Twice a year, representatives from each of the Integrated Ocean Observing System’s (IOOS) 11 regional nodes gather together to share updates and strategize on advancing IOOS’ critical coastal observing efforts. The fall meeting rotates among the regions, while the spring meeting, held in Washington D.C., coincides with March Madness (D.C. Style), marking the beginning of Congressional appropriations season. Typically, spring meetings span two days of programmatic discussion and one day for Hill visits. 

This year, Jennifer Boehme and Shelby Brunner represented GLOS at the Spring Meeting. The timing of the meeting offered unique opportunities for both GLOS and IOOS. GLOS was actively  preparing testimony for the Great Lakes Mapping Act, slated for presentation by Jennifer before the House Natural Resources Water, Wildlife and Fisheries Subcommittee the following week. Meanwhile, the FY2025 President’s Budget, which reduced the IOOS Regional Budget line by 76%, was released the day before the Spring Meeting began. Although less than ideal, the timing allowed the affected parties to strategize on coordinated messaging for presenting their concerns to Congressional offices just a few days after the budget was released.

GLOS annually updates Congressional staffers about its regional activities, especially those relevant to their particular districts, and the impact of coastal monitoring for their constituents. This year, with new leadership (Jennifer as GLOS CEO and Shelby joining for the first time), GLOS emphasized the adverse impacts on vital services like drinking water treatment monitoring and oil spill response management if the IOOS budget remains reduced. GLOS also requested support for the Great Lakes Mapping Act in the House and sought potential Senate co-sponsors. Shelby and Jennifer visited a total of 8 Great Lakes offices in all – 5 in the House and 3 in the Senate.

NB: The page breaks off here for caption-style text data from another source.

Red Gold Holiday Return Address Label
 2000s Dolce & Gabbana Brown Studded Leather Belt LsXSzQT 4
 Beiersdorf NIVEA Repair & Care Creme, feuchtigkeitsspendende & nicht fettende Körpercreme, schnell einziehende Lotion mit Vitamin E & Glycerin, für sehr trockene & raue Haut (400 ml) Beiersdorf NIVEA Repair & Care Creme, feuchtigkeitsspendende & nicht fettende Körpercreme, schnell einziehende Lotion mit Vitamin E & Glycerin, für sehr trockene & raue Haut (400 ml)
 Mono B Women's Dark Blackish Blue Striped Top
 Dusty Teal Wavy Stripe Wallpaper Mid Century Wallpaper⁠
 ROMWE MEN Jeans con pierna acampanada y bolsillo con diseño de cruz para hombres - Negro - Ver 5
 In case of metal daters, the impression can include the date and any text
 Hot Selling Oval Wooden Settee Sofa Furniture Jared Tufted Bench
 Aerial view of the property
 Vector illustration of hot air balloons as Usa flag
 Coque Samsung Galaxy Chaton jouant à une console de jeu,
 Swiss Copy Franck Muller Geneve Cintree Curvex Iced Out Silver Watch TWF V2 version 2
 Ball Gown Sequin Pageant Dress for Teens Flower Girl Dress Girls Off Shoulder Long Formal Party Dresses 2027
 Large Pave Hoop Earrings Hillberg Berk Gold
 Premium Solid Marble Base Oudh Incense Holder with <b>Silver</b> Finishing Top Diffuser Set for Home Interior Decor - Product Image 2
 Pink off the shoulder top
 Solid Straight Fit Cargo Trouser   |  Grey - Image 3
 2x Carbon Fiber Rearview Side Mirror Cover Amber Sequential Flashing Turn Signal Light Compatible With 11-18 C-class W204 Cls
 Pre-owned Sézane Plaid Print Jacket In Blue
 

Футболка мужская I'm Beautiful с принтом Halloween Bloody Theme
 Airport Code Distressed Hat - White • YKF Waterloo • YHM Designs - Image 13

While the formal program offers valuable meeting time, the most significant aspect of the week lies in forging and strengthening relationships with staff across the regions and the IOOS Program Office. Informal conversations during breaks, shared stories at happy hour events, and (for a few) early morning group runs fosters authentic dialogues crucial for communication and collaboration. For example, following the meeting, Shelby reached out to the deputy director of NANOOS to explore lessons learned from their crab pot hypoxia monitoring project as GLOS developed a proposal.

The week of meetings provided ample opportunity for GLOS to collaborate with other regions on how to best continue serving our data providers and users, convey the value of their work to Congress, and develop relationships from IOOS colleagues to Congressional staff. Between exceptional weather and successful meetings, the only other thing we could have asked for was an inflation-adjusted fully-funded IOOS regional line item in the President’s Budget.


Written by: Shelby Brunner, Observing Technology Manager

P.S. A notable outcome from the proposed FY25 budget was the development of a Congressional support letter for our stakeholders to endorse IOOS. A big thanks to everyone in our region for their support. It is greatly appreciated.